If you’re thinking of moving to Florida, here are some pros and cons to help with your decision!
Pros:
-The beaches are beautiful with clear water and shells along the shore.
– The air and water are warm at the beach making for a great beach day!
-The people are generally happy and nice. (There are a few spots where you find entitled people, such as Worth Ave in Palm Beach, Boca Raton, and Naples).
– The housing is cheap, new, and beautiful.
– It rains lovely big raindrops often which clears the air. The thunderstorms are also cool.
– The water is soft which means your clothes and dishes come out clean.
– The natural springs are absolutely magical and unique. You can swim in them in summer under the shade of the thick tropical foliage.
– The turnpike is a toll road that is very well maintained and leads to Orlando. There are clean service plazas all along it where you can get gas or food without having to enter a town.
– Florida tends to spend a lot of money on nice facilities like modern libraries and beautiful nature centers with tropical tanks.
– You can spend almost the entire year in shorts and slippers because it’s so warm.
– You get plenty of sunshine, no haze or fog, and a nice tan and highlights in your hair from the sun. The days are almost never gloomy, depressing, or overcast. Life in technicolor!
– There is in general not much pollution in the air in the cities.

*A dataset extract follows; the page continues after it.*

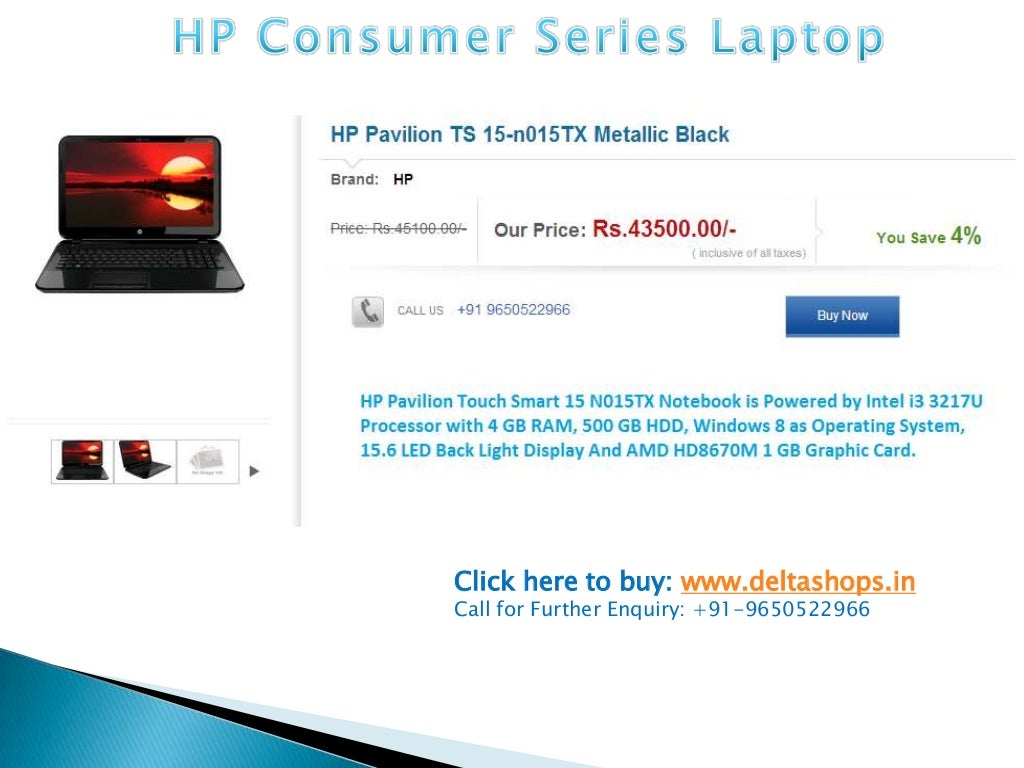 HP Laptop Dealer in Gugraon Delhi NCR and India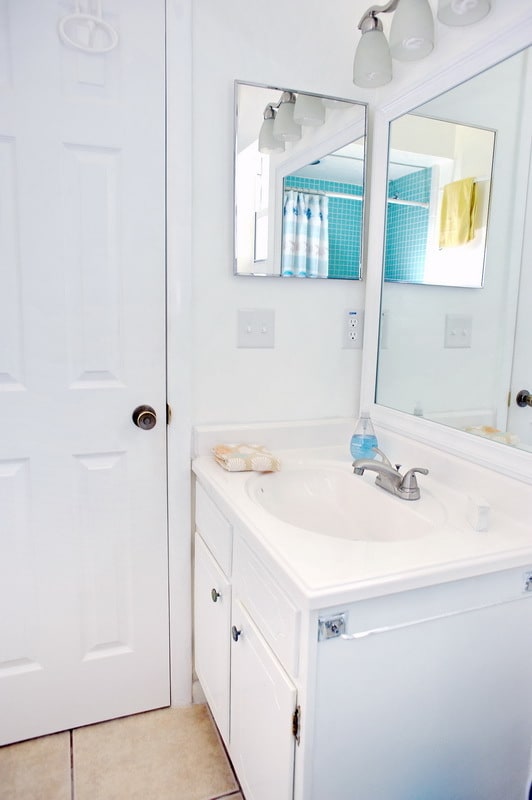 Building Photo - Naples Park - 3 Bedroom/2 Bath - Annual Re...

– There are many airports so it’s generally easy to travel from here, and there are good highways for roadtrips to the south.
– There is absolutely tons to do, including beaches, parks, theme parks, and museums. You won’t run out of things to do!
Cons:
– It is extremely hot and humid. Just when you think you can’t take it anymore the humidity kicks up a notch in August and lasts until December. It’s so hot that I got itchy heat rash (Apr-Dec) while picking up my child from school.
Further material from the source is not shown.